Schindler, Spielberg and a lesson I learned 20 years ago this month

This month sees the 20th anniversary of the one of the most influential movies of my youth. Schindler's List was a movie that simply had to be seen when it came into the cinemas in 1993. It was released 50 years after the clearing of the Krakow ghetto; an event which forms the long, central scene in the movie as Oskar Schindler's eyes are truly opened to the horror and brutality of the Nazi regime.

I watched the movie again the other night to remind myself of Steven Spielberg's epic achievement. It still resonates as a monumental testimony to lives so unnecessarily lost to hatred and genocide. But it also bears witness to the true nature of evil.

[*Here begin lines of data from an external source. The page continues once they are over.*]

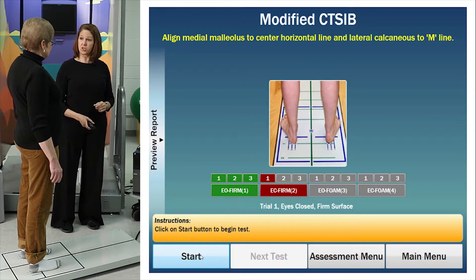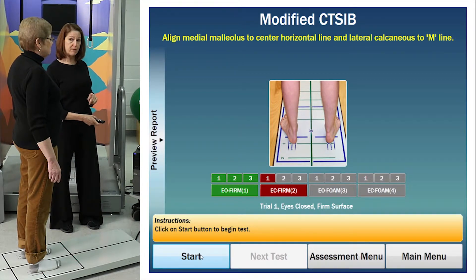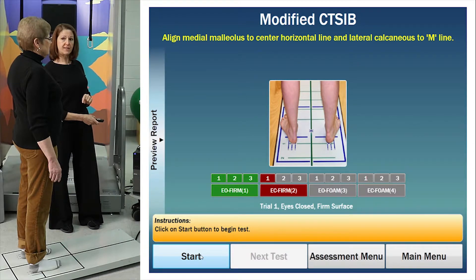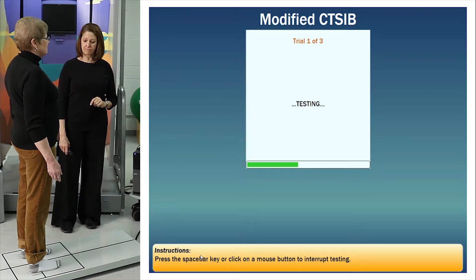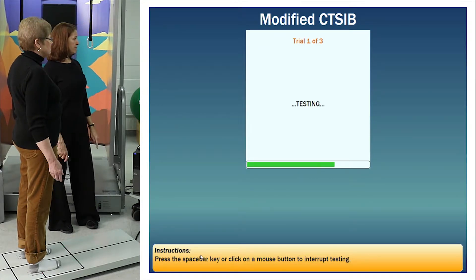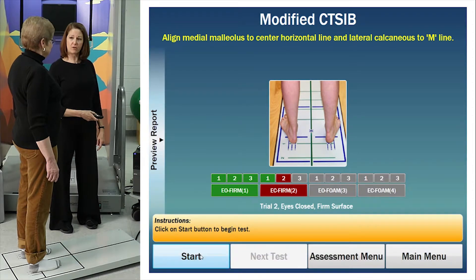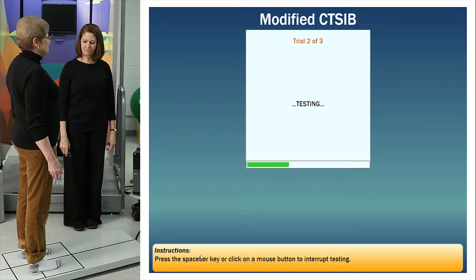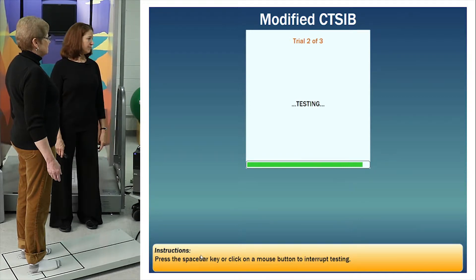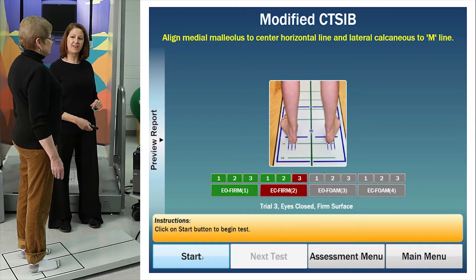For the next condition, you do this exact same thing with your eyes closed. I'll tell you when to close your eyes and when it's okay to open them again. Get ready — close your eyes, and testing. Open. Two more just like that — close your eyes, testing. Open. And one more try — close your eyes and testing.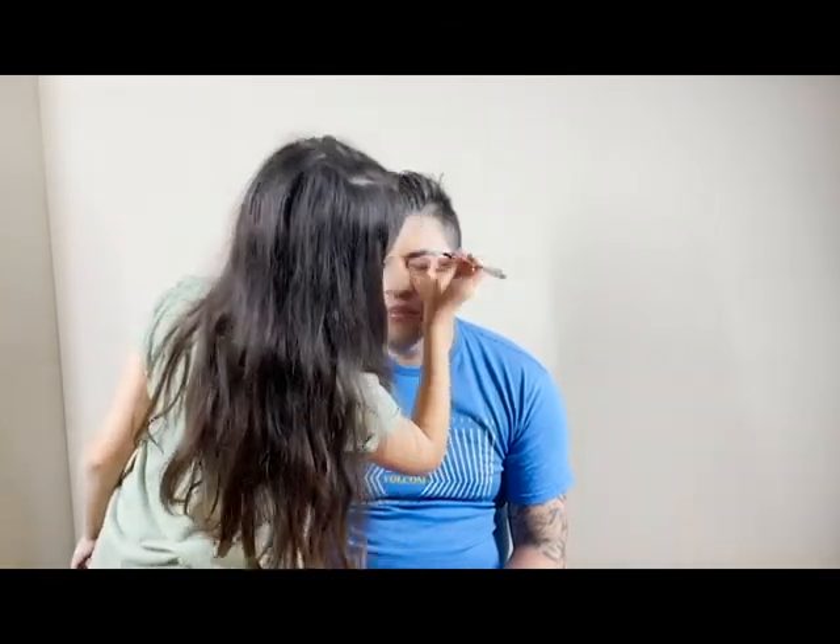Now we are going to do eyebrows. This is from Benefit — it's just an eyebrow crayon on the top. I'm going to put that on the eyebrows. You don't want to put too much.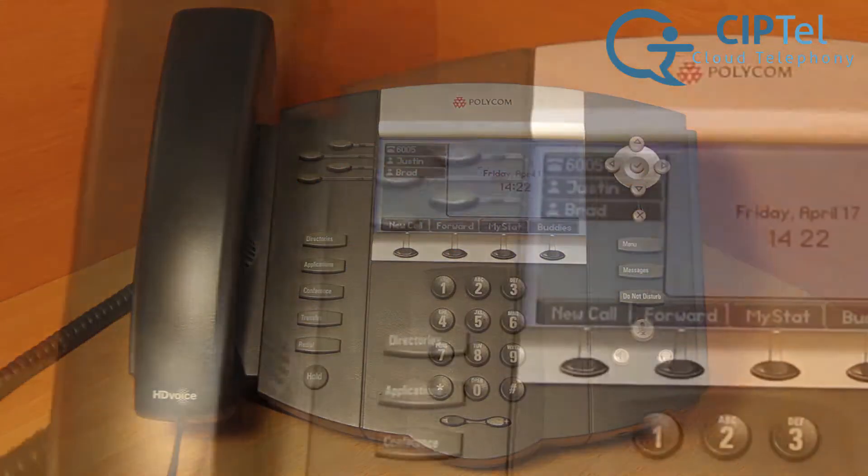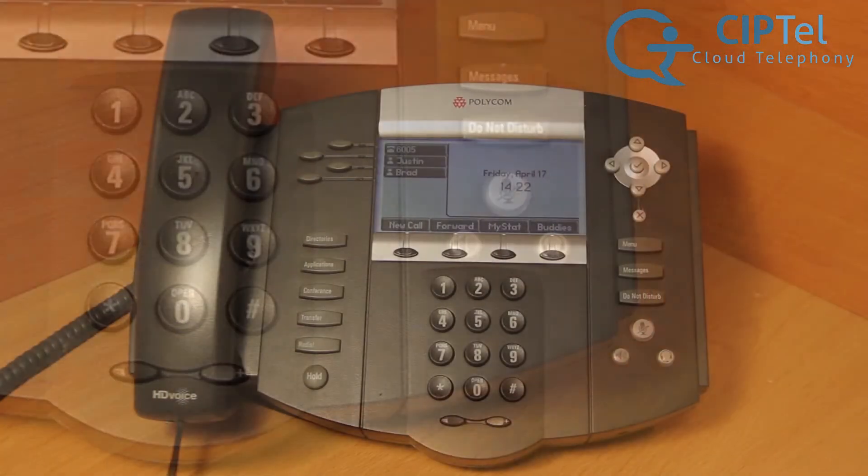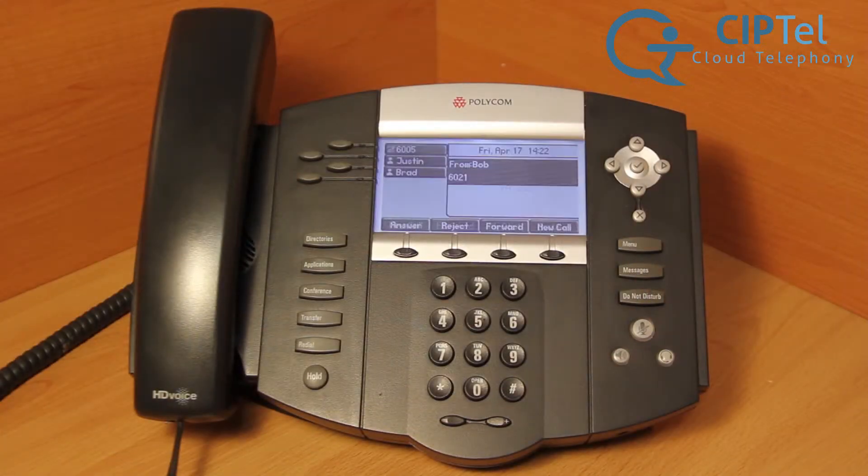There are three ways to answer an incoming call on a Polycom 550 or 650 telephone, depending on how you wish to talk. To use the handset receiver, simply pick it up.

'Evil' is a word which, when Schindler's List was released 20 years ago, was losing currency. Many did not think that it was an appropriate word to use any more. Along with words like 'sin' and 'right' and 'wrong', 'evil' was seen as too judgmental, too condemnatory, not understanding enough of the complexities of human psychology and sociology of which we late 20th century westerners had a so much better grasp than our ancestors. Then 9/11 happened and the only word we could find to describe it was 'evil'.

The Nazi commandant in the movie, Amon Goeth, played to Oscar winning effect by Ralph Fiennes, is a study in evil. Psychology and sociology fail to explain how a middle class, well educated German officer can behave as he did. Only the existence of evil in the life of a man and the system which he represented can explain it. In one scene in the movie, Goeth leaves his mistress in bed, goes to his balcony and in sheer boredom picks up his rifle and shoots a number of random Jewish prisoners in the camp below his house. Having relieved his boredom, he then goes to the bathroom to relieve his bladder. The utter banality of evil has rarely been so well expressed in any movie.

What is more complex in the movie is how the urge to do good at any cost has to grow slowly and fitfully in the life of Oskar Schindler. Schindler is a playboy businessman, a womaniser and a racketeer, determined to make as much money as he can out of the war. Jewish labour for his ceramic factory is cheaper than ordinary Polish labour and so he bribes the Nazis to allow him to employ Jews while he himself takes up residence in an apartment from which a wealthy Jewish family have recently been evicted.

It is as he witnesses the slaughter of the clearing of the Krakow ghetto that the true nature of the Nazi party to which he belongs becomes clear to him. But even then the famous list of the movie's title, which saves his workers from extermination, is a last minute rescue plan. In the moving final moments of the movie, Schindler is not elated that his workers have survived the war against all odds. He is guilt ridden that he did not save more. As he tears his Nazi party pin from his jacket and declares that he could have sold it and got two more out, at least one, it is a powerful scene which stays in the memory of anyone who has seen the movie.

Schindler's List is not regarded, in technical terms, as Spielberg's best work. Some of his less 'serious' movies, like ET, are better examples of the story teller's art. But it is almost certainly the work for which he will be remembered. He reminded a generation that was in danger of forgetting the Holocaust, of why we must not forget and why such evil must be named as evil. Other movies followed in Spielberg's wake and are worth watching - The Pianist, Life is Beautiful and The Boy with the Striped Pyjamas to name three.

But if you get a chance watch Schindler's List again (or for the first time) on this 20th anniversary. It will not be 'enjoyable' but it will move you afresh, it will stiffen your resolve to name and stand up to evil and it will remind you that even desperately flawed individuals like you, me and Oskar Schindler, can still make a difference. And if you are a Christian, remind yourself at the end of the movie that evil has been defeated and that all these evils (even genocide) will disappear when Christ wipes every tear from every eye and death and mourning and crying and pain are things of the past.